Maybe there are standard multidimensional curve-fitting or data-smoothing libraries or something that makes this straightforward?

More examples:

• Turning the two blood pressure numbers into a single score for how close to optimal your blood pressure is
• Turning body measurements into a single measure of how far you are from your ideal physique
• Turning a set of times (100-meter dash, etc) into a fitness score for a certain sport

Answer 1

tl;dr: Check out HiScore. It will allow you to quickly write and maintain scoring functions that behave in sensible ways.

To instantiate your simple example, let's say you have an app that receives as input a set of distances and times, and you want to map them to a 1-100 score. For instance, you get (1.2 miles, 8:37) and you'd like to return, say, 64.

The typical approach is to pick several basis functions and then futz around with the coefficients of those basis functions to get scores that "look right". For instance, you may have a linear basis function on minutes-per-mile, with additional basis functions for distance (maybe both linear in distance and linear in the square root of distance).

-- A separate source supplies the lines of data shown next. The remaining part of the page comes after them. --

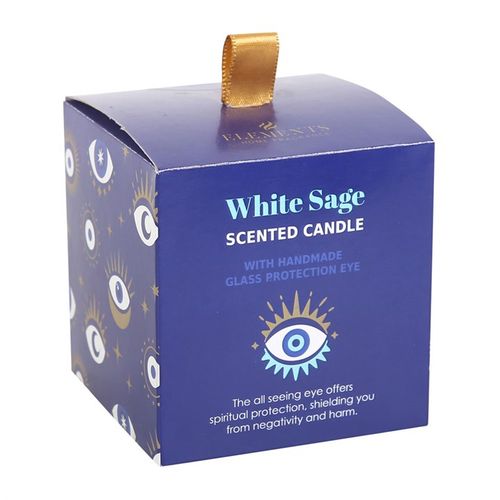 All Seeing Eye White Sage Crystal Chip Protection Candle | Merthyr Tydfil | Why Not Shop Online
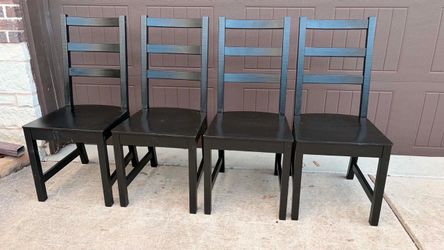 Set of 4 Black Wood Dining Chairs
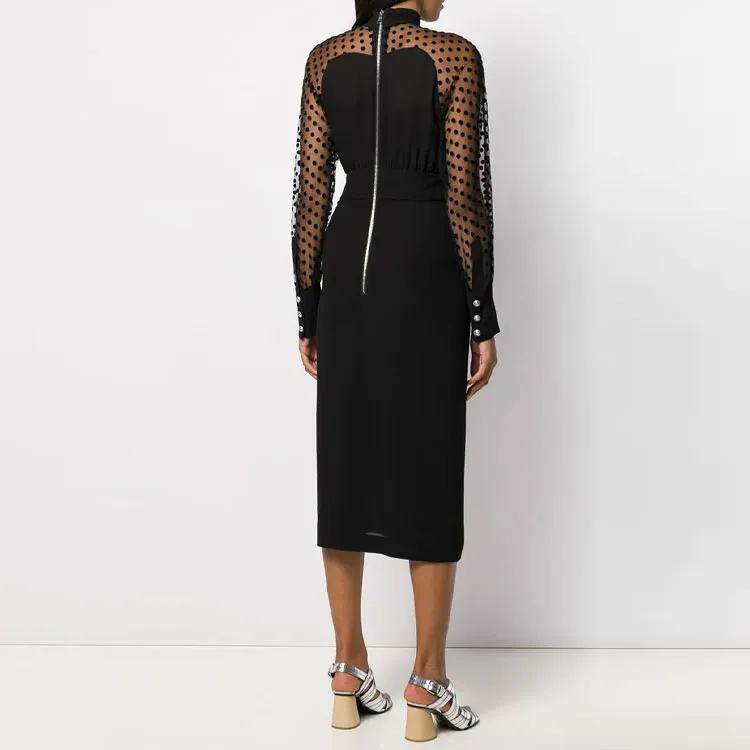 BALMAIN Long-Sleeved Dresses Women's Black-3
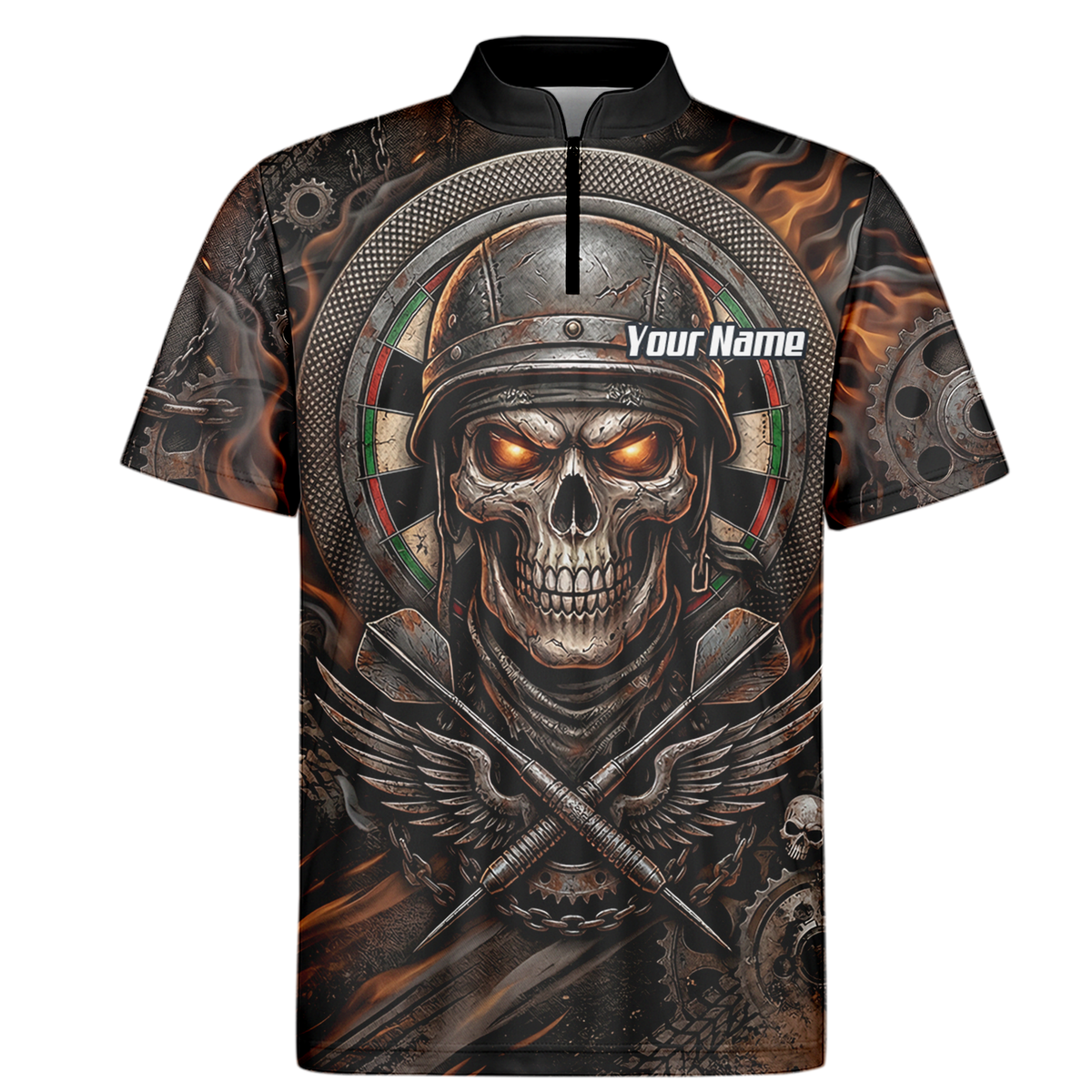 Personalised Skull Helmet Dart Jersey for Men Custom Name Darts Polo Shirt Fire Flame Sublimation Design B5126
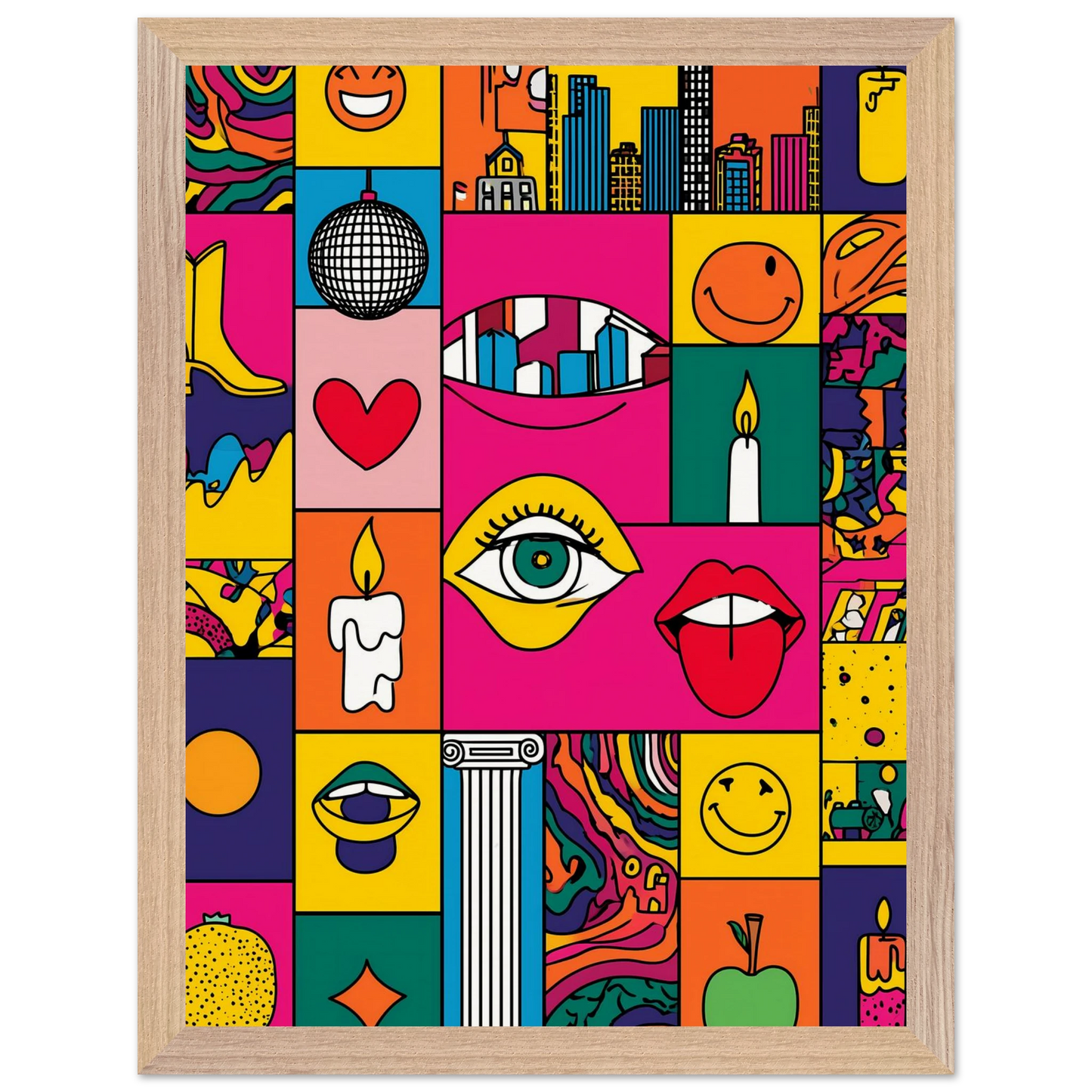 Icônes en Grille — tableau encadre bois — vue 12 — art mural STNCL
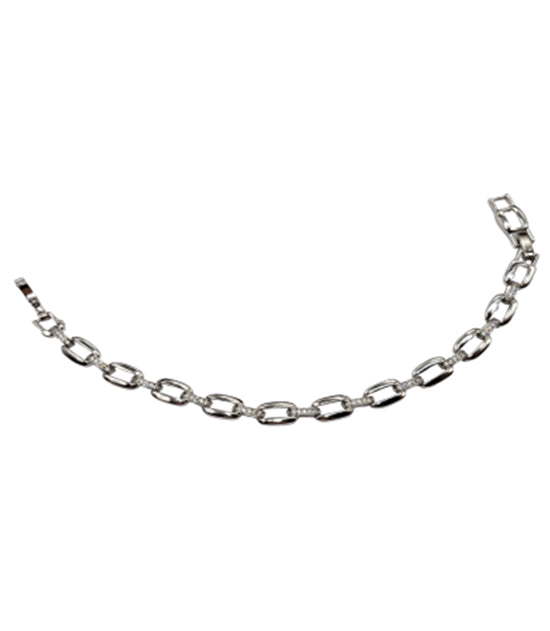 White wrist 18kt S Plate Cubic Oval Design Link Bracelet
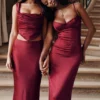 Spódnica maxi Sydel Ruby Satin Bias Cut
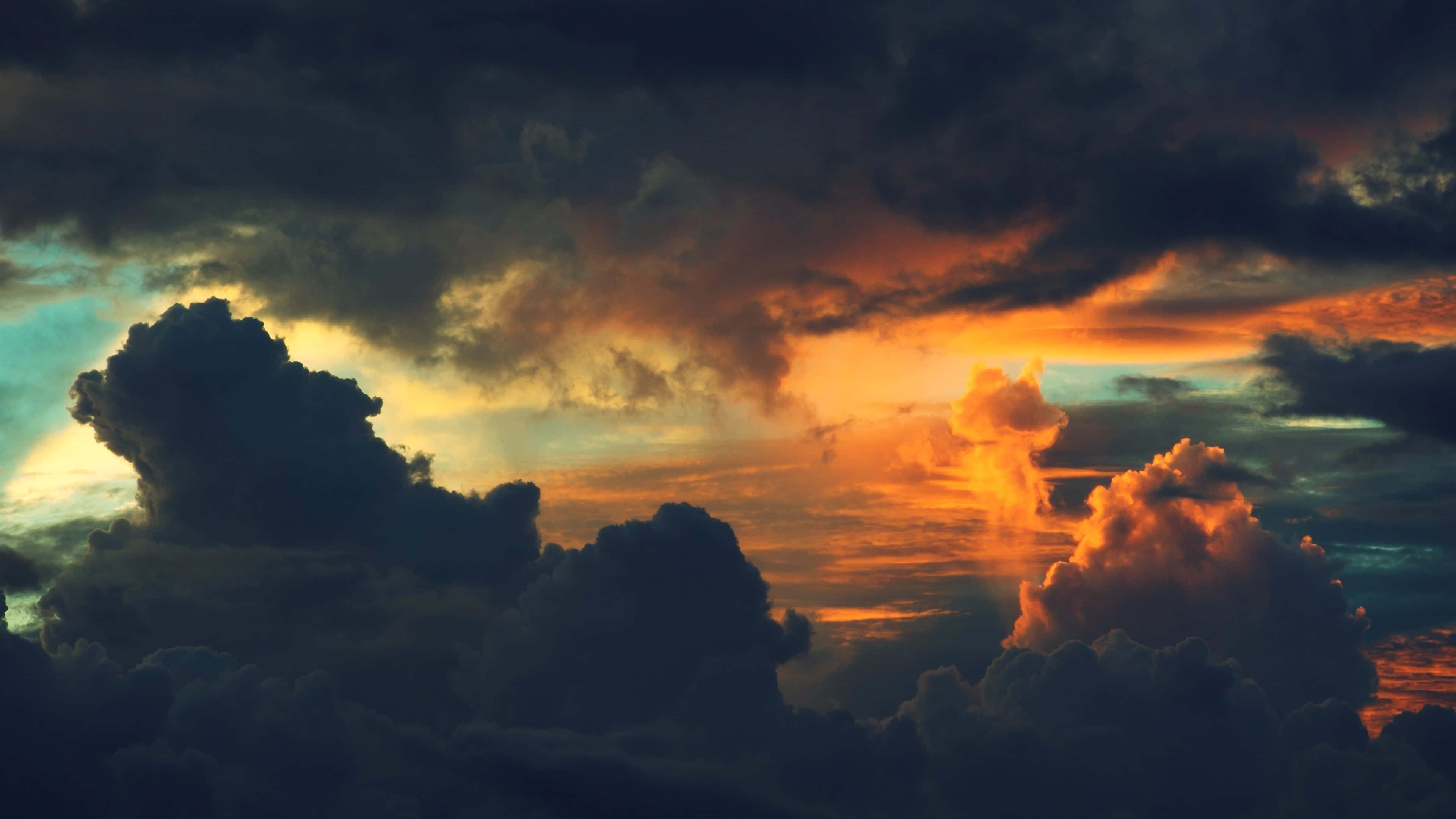dark orange sunset cloud, fiery orange, gold, 4K Desktop Wallpaper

You could even use e.g., radial basis functions for more complex expressiveness across your range of inputs. (This is very similar to what other answers have suggested in terms of ML algorithms like SVMs and the like.)

This approach is typically pretty fast, but there are many downsides. First, you have to get the basis functions right, which can be hard for more abstract and expressive functions. Second, you'll find that your score will ossify quickly: if you find an input that you feel is mis-scored, figuring out how to change it while making sure the rest of the scoring function "looks right" will be a challenge. Third, adding another attribute to the score (e.g., if the runner is male or female) can be difficult, as you may find that you'll need to add many more terms to your basis. Finally, there's no explicit guarantee in this approach that your score will behave intelligently---depending on the basis functions and coefficients you select, someone running a mile in 7:03 could get a higher score than someone running 1.1 miles in 7:01.

A different approach exists in the form of HiScore, a python library I wrote when faced with a similar problem. With HiScore, you label a reference set of items with scores and then it generates a scoring function that intelligently interpolates through those scores. For instance, you could take the last 100 inputs to your app, combine them with a handful of your most extreme inputs (perhaps take the convex hull of your submitted inputs in (distance, time) space), label them, and use HiScore to produce a reasonable scoring function. And if it ever comes up with a score that you disagree with, just add it to the reference set with the correct label and re-create the scoring function, because HiScore guarantees interpolation through the reference set.

One property of HiScore is that your attributes need to be monotone, or always increasing or decreasing. This is not a problem for the "running times" setting, because the score should go up as distance increases (for a fixed time) and down as time increases (for a fixed distance). HiScore's monotonicity gives you confidence your score will behave as expected; it guarantees someone running a mile in 7:03 will score no higher than someone running 1.1 miles in 7:01.

The blood pressure setting you bring up is interesting because it's not monotone. Low blood pressure is bad, but high blood pressure is bad too. You can still use HiScore here though: just split each measurement into a "high blood pressure" and "low blood pressure" component, where at least one of these is zero. For instance a systolic reading of 160 would be mapped into a systolic+ attribute of 60 and a systolic- attribute of 0. The score should be decreasing in both of these new attributes, and so this approach turns a non-monotone two-dimensional problem (with attributes systolic and diastolic) into a monotone four-dimensional one (with attributes systolic+, systolic-, diastolic+, diastolic-). (This trick is similar to one that helps get Linear Programs into canonical form.)